__The problem__
Exactly the lines from the opening of the data through the line containing "TEYIYES Ear Wax" should be reproduced, please, with nothing added.

━━━

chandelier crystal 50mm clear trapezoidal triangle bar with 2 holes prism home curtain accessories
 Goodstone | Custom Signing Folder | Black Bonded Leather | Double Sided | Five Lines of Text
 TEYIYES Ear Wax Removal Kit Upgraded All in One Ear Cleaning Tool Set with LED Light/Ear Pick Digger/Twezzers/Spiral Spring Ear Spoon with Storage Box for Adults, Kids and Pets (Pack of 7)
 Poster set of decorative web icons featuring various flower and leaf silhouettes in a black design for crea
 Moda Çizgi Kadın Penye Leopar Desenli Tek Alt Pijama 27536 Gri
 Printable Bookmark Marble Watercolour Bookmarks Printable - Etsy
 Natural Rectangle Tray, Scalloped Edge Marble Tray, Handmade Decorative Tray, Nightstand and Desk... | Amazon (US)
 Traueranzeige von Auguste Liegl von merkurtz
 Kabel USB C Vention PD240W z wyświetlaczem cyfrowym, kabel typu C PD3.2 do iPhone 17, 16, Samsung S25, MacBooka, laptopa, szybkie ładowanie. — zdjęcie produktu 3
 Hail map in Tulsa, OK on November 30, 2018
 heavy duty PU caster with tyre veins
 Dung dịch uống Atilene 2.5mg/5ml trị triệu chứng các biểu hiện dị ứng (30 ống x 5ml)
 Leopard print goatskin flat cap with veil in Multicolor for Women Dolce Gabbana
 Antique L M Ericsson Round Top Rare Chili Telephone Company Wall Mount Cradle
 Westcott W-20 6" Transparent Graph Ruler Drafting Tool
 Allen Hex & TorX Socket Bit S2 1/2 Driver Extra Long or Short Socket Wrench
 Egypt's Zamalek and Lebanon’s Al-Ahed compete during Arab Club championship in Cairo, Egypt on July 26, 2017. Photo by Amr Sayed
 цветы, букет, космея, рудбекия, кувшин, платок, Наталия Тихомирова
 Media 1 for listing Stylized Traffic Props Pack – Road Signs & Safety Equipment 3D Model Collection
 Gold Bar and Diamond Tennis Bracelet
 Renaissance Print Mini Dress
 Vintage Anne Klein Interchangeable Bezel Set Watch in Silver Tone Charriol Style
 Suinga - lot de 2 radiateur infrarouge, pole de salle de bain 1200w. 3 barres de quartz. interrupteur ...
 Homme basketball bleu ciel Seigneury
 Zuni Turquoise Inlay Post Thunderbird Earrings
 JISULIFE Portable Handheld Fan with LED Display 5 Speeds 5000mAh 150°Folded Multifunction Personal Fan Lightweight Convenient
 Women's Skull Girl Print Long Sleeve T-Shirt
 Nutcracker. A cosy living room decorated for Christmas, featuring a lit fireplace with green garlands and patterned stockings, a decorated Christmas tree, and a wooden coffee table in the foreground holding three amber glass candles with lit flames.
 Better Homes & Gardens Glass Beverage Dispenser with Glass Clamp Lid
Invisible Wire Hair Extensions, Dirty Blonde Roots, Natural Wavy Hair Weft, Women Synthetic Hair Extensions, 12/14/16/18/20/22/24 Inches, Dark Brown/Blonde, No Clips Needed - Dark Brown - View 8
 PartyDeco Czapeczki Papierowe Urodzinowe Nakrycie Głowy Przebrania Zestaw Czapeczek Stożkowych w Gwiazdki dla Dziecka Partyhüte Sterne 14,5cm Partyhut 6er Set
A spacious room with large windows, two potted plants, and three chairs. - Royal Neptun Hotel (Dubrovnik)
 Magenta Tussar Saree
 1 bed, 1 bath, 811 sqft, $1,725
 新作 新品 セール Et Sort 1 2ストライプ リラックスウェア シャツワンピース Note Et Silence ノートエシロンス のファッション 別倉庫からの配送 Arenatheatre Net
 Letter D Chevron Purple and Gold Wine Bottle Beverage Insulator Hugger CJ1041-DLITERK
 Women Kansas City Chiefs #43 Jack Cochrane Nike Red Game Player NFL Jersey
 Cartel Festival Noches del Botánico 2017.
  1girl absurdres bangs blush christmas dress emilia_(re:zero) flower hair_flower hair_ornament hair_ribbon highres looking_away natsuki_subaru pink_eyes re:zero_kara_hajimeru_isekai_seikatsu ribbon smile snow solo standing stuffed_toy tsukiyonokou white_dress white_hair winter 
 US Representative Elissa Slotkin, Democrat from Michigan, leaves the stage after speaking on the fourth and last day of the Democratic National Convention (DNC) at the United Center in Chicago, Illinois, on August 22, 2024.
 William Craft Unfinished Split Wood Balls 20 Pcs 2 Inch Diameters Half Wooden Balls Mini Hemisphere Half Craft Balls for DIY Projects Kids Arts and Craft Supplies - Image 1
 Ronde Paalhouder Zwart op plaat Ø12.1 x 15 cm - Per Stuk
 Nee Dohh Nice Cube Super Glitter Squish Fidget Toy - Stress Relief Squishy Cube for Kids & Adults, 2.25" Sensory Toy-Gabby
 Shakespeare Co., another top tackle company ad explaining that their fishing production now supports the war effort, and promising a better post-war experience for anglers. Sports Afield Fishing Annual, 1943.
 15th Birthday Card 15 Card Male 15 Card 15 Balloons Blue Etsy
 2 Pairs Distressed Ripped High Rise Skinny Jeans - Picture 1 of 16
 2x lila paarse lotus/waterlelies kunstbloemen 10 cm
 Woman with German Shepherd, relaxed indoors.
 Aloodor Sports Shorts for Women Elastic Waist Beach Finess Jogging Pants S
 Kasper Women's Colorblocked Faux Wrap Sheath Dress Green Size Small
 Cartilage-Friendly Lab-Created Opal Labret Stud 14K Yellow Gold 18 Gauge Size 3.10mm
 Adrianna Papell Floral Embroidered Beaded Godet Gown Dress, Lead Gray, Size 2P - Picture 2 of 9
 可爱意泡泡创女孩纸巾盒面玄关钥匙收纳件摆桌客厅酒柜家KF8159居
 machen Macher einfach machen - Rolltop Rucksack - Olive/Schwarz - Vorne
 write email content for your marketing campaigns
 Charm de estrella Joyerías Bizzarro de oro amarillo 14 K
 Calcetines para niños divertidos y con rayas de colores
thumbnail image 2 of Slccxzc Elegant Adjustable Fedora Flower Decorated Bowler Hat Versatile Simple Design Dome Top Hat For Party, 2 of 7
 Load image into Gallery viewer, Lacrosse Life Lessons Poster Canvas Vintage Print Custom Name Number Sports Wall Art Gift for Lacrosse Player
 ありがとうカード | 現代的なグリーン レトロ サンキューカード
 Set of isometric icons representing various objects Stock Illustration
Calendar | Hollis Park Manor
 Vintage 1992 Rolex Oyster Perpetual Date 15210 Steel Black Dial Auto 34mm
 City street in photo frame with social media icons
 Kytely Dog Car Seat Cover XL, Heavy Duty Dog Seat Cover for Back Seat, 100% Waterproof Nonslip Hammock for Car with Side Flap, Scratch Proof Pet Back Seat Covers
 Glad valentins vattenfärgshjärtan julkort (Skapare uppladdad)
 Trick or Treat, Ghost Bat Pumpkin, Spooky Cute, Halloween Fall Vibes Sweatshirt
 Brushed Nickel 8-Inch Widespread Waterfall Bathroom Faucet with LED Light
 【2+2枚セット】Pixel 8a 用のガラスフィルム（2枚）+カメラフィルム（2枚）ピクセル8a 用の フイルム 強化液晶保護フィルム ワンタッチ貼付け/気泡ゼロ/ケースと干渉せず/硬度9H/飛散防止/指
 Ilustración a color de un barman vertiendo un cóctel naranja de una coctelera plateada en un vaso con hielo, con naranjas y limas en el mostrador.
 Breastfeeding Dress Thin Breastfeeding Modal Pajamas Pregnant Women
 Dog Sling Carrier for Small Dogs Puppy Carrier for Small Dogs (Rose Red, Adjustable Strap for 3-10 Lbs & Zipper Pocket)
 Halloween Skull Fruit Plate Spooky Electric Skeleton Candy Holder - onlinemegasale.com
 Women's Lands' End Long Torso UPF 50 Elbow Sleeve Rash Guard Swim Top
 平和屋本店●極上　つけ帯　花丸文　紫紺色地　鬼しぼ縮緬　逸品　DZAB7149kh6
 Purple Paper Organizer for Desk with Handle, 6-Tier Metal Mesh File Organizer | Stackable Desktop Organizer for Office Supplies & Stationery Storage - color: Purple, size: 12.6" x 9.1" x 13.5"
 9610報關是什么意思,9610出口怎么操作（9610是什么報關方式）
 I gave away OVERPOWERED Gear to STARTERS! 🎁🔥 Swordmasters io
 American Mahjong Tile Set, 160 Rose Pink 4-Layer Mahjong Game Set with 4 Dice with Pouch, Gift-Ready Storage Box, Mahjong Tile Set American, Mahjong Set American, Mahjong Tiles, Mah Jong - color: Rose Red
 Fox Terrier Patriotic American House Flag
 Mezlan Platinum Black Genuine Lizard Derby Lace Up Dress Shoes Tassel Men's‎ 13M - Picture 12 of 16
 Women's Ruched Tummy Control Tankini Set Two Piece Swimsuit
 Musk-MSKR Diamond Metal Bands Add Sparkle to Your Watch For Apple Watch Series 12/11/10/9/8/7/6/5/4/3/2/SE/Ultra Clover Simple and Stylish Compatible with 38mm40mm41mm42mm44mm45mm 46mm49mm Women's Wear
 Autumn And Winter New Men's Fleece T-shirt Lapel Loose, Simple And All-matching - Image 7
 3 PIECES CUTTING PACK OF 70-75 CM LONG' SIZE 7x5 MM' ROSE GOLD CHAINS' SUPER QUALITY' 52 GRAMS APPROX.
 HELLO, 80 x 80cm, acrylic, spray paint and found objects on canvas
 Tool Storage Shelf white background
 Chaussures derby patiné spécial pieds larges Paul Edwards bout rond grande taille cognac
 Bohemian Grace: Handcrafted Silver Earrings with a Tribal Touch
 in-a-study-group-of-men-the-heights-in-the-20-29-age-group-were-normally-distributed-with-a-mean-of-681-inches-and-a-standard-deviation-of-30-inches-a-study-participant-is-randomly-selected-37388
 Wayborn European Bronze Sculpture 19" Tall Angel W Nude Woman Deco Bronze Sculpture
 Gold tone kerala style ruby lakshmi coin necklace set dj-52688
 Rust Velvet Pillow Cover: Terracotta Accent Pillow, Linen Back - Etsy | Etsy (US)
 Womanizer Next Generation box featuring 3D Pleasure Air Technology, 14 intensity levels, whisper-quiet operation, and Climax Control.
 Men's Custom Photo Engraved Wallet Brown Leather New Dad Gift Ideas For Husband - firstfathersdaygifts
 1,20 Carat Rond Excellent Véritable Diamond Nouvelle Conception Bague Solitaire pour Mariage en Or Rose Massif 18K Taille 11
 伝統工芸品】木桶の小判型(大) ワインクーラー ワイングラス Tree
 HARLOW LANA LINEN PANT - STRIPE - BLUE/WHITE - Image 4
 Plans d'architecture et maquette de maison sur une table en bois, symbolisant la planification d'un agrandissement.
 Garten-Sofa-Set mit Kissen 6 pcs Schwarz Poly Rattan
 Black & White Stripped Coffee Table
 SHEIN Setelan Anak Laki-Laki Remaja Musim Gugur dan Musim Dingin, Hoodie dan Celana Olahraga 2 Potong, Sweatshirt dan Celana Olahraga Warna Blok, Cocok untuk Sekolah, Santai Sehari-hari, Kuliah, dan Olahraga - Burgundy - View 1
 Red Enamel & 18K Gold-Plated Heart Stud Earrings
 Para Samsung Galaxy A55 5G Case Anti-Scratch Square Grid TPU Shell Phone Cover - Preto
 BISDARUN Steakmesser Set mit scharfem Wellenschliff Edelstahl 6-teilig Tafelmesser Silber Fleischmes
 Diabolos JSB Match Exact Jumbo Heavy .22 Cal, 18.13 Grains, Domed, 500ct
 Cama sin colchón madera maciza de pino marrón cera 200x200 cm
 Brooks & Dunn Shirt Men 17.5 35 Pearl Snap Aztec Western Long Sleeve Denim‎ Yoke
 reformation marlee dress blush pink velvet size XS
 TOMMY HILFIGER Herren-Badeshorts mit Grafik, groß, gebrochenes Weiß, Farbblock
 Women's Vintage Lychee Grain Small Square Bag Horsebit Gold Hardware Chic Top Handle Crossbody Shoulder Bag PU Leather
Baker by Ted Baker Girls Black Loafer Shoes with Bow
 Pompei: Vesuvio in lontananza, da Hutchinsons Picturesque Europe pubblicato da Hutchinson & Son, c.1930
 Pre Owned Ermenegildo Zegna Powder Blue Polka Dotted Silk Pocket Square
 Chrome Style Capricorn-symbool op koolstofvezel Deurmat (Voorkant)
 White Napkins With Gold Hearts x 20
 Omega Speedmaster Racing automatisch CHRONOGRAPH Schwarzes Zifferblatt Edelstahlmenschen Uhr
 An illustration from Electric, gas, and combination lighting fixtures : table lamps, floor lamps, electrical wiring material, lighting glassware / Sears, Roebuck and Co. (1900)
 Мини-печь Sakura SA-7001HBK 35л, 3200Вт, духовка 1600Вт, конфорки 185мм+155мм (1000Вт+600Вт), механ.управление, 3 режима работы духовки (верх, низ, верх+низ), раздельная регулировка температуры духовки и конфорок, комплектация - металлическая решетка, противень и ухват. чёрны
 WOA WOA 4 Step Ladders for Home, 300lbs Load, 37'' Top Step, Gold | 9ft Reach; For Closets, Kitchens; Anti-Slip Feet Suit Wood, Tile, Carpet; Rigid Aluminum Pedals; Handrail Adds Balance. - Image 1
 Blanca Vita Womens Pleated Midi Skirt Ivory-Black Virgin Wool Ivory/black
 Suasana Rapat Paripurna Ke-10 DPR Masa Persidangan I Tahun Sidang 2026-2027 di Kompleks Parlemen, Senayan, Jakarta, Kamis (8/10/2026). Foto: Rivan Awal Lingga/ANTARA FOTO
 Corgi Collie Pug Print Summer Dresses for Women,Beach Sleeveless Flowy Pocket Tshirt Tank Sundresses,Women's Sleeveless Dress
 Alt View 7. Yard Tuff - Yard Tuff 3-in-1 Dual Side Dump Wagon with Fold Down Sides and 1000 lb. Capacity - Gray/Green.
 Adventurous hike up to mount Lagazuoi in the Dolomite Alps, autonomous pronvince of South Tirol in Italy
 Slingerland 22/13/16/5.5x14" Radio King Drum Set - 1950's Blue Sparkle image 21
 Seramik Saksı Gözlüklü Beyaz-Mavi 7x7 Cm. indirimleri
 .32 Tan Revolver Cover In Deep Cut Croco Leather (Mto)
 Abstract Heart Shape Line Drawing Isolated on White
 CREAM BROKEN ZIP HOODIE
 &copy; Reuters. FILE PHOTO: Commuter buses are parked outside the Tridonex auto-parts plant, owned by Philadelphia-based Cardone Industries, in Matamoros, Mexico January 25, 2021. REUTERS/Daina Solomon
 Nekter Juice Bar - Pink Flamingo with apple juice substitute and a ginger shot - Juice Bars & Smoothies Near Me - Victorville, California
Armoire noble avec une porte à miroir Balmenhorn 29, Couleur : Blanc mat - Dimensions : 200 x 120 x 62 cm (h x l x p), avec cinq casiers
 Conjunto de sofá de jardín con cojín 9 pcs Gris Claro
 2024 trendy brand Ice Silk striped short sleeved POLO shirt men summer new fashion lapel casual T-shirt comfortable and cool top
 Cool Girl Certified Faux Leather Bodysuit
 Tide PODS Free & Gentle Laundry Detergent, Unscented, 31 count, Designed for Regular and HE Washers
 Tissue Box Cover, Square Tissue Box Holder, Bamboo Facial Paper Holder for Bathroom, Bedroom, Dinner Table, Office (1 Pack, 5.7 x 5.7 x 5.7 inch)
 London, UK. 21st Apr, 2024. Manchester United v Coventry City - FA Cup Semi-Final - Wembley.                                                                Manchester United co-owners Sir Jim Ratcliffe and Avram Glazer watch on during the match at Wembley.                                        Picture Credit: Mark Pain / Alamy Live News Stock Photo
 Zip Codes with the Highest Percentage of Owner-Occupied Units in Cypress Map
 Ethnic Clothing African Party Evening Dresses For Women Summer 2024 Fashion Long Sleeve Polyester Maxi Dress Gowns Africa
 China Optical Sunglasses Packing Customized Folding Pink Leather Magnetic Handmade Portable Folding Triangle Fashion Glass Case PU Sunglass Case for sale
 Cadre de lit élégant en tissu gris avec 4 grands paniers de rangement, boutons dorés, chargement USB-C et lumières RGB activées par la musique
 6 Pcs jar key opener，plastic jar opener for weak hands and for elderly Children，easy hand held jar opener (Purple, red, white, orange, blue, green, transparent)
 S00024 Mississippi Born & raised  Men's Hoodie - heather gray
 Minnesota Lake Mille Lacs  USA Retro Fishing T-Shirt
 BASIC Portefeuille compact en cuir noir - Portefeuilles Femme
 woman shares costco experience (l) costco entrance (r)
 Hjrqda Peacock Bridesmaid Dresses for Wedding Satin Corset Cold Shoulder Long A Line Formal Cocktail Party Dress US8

━━━

__Expected answer__
chandelier crystal 50mm clear trapezoidal triangle bar with 2 holes prism home curtain accessories
 Goodstone | Custom Signing Folder | Black Bonded Leather | Double Sided | Five Lines of Text
 TEYIYES Ear Wax Removal Kit Upgraded All in One Ear Cleaning Tool Set with LED Light/Ear Pick Digger/Twezzers/Spiral Spring Ear Spoon with Storage Box for Adults, Kids and Pets (Pack of 7)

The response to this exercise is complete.